GENERAL MANDATE TO ISSUE SHARES
At the Annual General Meeting, an ordinary resolution, as set out in the AGM Notice, will be proposed which, if passed, will give the Directors a general and unconditional mandate to allot, issue and otherwise deal with new Shares representing up to 20 per cent. of the aggregate nominal amount of the share capital of the Company in issue as at the date of passing the proposed resolution at the Annual General Meeting. In addition, conditional upon the proposed resolution to authorise the repurchase of Shares as is more particularly described under the section headed “GENERAL MANDATE TO REPURCHASE SHARES” being passed, an ordinary resolution will be proposed to authorise the Directors to allot, issue and otherwise deal with new Shares up to an amount equal to the aggregate nominal amount of the Shares purchased under the authority to repurchase.

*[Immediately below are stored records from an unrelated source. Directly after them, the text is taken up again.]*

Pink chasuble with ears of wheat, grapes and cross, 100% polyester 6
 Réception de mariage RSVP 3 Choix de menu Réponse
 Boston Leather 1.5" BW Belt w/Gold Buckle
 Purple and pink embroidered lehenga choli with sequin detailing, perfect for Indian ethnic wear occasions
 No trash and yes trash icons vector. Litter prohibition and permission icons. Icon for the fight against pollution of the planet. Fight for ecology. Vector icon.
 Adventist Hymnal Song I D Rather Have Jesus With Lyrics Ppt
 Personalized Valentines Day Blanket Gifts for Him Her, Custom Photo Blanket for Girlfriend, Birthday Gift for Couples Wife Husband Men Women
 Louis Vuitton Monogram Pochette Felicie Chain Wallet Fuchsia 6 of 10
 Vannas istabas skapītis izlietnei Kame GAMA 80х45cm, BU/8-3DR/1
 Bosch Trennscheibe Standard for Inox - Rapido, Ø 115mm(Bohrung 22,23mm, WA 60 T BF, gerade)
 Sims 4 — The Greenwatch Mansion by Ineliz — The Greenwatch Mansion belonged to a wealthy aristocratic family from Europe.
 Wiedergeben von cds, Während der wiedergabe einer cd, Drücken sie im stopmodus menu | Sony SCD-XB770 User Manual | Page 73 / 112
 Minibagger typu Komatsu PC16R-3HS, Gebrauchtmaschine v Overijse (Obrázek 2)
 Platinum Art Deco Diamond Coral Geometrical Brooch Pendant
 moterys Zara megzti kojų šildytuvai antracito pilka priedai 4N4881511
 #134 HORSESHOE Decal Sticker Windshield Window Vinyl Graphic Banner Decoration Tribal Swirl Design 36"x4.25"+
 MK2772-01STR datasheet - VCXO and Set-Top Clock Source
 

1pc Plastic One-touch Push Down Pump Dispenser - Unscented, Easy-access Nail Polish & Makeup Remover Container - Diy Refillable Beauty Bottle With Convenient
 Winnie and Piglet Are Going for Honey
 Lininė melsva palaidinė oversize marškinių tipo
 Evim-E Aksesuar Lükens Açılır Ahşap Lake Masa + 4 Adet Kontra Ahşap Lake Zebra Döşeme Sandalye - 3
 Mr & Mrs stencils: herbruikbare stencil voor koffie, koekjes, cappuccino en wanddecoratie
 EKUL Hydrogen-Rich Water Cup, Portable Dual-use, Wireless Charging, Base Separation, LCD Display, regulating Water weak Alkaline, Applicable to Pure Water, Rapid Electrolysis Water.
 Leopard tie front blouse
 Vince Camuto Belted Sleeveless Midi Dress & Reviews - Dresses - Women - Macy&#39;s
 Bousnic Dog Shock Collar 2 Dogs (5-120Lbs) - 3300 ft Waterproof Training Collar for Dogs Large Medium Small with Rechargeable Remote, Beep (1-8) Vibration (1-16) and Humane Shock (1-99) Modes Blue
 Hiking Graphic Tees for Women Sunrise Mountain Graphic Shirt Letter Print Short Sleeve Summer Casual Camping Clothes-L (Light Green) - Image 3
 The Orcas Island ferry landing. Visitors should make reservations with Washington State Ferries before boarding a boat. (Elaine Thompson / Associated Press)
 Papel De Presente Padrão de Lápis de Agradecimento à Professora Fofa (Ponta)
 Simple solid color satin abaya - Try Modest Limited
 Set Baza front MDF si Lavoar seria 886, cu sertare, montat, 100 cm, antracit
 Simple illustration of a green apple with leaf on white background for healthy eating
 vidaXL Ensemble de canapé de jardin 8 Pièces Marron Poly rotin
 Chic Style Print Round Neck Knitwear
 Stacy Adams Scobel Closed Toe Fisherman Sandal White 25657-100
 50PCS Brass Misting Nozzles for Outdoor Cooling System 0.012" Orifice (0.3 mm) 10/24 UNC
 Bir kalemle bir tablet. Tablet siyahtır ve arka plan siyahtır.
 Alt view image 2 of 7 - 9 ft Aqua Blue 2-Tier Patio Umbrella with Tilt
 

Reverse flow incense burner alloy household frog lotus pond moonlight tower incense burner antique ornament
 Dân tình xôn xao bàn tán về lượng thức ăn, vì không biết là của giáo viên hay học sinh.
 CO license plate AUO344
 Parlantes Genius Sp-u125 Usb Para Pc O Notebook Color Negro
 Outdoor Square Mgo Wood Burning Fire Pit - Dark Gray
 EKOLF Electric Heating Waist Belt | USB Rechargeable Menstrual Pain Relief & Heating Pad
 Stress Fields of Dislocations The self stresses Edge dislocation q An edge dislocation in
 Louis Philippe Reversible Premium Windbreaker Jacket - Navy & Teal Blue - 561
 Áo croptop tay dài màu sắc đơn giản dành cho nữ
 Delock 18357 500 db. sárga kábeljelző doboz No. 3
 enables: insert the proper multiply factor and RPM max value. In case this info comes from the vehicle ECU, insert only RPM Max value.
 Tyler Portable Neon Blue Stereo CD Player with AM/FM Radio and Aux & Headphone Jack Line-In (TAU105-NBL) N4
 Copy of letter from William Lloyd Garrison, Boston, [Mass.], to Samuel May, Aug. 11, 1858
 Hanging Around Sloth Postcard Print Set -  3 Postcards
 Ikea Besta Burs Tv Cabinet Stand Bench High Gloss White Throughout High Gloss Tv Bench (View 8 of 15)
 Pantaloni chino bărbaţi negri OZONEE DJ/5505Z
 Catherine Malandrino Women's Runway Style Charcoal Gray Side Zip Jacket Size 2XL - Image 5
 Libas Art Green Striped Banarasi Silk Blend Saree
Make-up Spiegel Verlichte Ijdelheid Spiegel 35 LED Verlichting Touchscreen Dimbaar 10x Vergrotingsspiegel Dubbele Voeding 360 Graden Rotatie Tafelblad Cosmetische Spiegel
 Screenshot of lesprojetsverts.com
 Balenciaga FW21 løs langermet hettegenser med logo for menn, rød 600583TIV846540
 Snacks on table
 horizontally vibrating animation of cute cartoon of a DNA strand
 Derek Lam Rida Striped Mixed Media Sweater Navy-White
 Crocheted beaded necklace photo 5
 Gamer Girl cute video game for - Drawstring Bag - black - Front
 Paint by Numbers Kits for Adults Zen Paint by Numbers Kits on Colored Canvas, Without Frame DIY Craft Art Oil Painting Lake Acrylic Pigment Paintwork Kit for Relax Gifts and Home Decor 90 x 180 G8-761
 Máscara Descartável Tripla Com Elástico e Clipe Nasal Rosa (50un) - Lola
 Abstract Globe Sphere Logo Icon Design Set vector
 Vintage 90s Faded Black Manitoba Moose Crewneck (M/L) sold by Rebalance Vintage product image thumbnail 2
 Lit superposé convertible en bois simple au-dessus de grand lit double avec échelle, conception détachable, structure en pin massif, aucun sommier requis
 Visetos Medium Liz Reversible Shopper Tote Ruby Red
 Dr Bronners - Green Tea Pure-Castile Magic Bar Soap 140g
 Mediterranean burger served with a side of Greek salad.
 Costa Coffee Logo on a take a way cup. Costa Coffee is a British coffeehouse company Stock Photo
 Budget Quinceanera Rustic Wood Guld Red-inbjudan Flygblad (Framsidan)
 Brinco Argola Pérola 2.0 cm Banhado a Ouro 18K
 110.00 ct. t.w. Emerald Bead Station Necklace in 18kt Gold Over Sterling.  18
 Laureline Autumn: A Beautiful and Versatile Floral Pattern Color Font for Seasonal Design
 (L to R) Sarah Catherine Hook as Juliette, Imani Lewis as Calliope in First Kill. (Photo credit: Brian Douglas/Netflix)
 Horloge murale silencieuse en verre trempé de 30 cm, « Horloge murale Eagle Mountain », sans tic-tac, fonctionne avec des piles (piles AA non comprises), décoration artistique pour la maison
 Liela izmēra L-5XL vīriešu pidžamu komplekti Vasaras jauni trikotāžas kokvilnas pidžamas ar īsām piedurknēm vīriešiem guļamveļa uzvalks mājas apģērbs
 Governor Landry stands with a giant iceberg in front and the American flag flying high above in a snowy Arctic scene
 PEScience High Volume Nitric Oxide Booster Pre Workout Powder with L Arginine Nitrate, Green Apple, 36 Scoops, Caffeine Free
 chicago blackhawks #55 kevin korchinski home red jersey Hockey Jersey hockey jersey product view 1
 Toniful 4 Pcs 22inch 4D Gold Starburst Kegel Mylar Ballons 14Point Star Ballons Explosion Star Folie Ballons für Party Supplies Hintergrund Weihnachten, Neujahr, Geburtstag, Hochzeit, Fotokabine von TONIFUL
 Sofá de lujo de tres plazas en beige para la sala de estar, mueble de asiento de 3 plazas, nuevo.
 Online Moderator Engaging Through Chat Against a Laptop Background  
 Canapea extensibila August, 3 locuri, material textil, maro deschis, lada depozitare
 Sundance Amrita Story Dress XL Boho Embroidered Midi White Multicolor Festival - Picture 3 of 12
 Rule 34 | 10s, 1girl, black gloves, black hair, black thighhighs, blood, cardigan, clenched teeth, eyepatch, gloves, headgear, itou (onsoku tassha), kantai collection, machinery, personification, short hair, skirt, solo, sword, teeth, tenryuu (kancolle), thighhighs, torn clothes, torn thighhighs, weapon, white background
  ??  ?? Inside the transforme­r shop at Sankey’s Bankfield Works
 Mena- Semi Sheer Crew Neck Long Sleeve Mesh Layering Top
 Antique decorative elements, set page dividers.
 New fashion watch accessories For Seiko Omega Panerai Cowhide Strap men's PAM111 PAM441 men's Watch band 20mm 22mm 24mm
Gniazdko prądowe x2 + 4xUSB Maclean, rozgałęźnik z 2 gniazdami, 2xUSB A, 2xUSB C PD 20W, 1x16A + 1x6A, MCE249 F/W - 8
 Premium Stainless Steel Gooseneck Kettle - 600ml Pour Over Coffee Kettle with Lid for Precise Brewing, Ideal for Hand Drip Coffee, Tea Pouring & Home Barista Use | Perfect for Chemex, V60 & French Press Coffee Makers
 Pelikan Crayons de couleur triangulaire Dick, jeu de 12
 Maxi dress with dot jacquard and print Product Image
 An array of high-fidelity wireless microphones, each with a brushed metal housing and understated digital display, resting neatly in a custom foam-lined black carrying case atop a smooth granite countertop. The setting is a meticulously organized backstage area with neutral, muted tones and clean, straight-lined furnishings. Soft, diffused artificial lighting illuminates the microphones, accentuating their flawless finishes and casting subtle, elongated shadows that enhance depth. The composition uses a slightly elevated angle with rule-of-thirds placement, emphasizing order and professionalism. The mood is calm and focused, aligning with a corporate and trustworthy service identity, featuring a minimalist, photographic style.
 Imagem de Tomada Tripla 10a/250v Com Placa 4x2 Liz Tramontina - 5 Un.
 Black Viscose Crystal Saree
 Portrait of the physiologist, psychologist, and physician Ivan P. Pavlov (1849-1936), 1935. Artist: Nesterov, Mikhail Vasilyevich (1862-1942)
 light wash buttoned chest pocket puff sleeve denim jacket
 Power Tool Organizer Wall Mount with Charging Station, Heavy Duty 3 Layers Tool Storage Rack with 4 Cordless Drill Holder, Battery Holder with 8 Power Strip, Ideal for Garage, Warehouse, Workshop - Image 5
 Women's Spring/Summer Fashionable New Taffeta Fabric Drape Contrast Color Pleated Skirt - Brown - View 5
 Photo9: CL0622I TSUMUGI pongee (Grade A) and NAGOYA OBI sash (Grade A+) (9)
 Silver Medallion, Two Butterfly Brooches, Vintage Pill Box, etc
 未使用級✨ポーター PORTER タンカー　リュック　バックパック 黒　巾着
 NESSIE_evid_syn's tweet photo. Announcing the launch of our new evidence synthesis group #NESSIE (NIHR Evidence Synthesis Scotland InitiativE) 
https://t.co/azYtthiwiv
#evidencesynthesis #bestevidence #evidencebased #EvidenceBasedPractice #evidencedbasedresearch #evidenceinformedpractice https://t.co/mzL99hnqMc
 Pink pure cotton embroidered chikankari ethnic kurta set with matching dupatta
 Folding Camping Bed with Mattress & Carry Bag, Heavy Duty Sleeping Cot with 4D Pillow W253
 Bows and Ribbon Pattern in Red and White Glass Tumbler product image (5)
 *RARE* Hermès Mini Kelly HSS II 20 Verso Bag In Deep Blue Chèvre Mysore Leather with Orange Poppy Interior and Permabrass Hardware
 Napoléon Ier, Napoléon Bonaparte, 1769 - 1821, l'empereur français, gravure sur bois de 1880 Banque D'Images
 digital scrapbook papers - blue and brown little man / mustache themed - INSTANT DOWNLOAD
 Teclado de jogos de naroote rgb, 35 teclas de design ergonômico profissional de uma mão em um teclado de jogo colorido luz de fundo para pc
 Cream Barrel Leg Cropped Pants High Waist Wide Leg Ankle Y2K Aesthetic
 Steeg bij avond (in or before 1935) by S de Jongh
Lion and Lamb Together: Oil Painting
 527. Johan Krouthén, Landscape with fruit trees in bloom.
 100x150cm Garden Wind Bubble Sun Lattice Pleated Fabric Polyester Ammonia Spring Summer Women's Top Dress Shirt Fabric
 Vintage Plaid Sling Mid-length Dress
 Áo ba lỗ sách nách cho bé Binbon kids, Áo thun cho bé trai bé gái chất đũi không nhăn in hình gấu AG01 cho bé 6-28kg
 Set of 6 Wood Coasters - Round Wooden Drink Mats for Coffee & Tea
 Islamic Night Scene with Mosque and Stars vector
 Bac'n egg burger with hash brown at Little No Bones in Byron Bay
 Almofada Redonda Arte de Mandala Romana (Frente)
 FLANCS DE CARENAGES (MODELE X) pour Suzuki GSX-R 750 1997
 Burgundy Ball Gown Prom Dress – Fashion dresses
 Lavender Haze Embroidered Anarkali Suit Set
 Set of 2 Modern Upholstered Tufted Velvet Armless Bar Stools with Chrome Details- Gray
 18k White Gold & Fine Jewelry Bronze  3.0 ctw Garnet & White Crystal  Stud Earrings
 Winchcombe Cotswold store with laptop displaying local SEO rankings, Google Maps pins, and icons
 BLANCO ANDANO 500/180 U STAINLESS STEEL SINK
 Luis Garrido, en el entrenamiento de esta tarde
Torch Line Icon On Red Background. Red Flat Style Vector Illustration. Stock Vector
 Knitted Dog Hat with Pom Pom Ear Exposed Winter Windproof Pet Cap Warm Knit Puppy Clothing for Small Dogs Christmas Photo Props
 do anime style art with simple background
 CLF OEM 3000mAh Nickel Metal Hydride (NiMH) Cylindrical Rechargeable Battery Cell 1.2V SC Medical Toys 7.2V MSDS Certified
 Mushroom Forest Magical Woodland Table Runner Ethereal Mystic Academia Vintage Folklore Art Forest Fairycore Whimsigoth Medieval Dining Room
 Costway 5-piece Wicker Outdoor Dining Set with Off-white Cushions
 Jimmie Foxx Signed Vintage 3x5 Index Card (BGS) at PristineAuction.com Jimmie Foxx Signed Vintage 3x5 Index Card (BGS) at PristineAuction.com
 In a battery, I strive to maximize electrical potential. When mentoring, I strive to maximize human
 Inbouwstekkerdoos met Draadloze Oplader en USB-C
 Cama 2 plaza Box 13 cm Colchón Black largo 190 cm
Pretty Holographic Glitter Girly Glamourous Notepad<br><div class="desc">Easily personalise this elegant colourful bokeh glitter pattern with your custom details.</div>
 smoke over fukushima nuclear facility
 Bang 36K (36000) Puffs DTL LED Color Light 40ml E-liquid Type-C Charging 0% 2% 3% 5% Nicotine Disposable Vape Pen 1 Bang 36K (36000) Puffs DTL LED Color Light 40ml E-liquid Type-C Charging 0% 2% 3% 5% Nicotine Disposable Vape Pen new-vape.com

GENERAL MANDATE TO REPURCHASE SHARES
EXPLANATORY STATEMENT
General information
At the Annual General Meeting, an ordinary resolution will be proposed which, if passed, will give the Directors a general and unconditional mandate to exercise all the powers of the Company to repurchase issued Shares subject to the criteria set out in this document. In particular, shareholders should note that the maximum number of Shares that may be repurchased pursuant to such mandate will be limited to such number of Shares representing 10 per cent. of the aggregate nominal amount of the share capital of the Company in issue as at the date of passing the relevant resolution at the Annual General Meeting. For your information, on 3rd April, 2002, being the latest practicable date prior to the printing of this document for ascertaining certain information referred to in this document (the “Latest Practicable Date”), there were in issue an aggregate of 225,000,000 Shares. On the basis of this figure and assuming no further Shares are issued or repurchased prior to the Annual General Meeting, not more than 22,500,000 Shares may be repurchased on the Stock Exchange by the Company pursuant to the general mandate proposed to be granted at the Annual General Meeting.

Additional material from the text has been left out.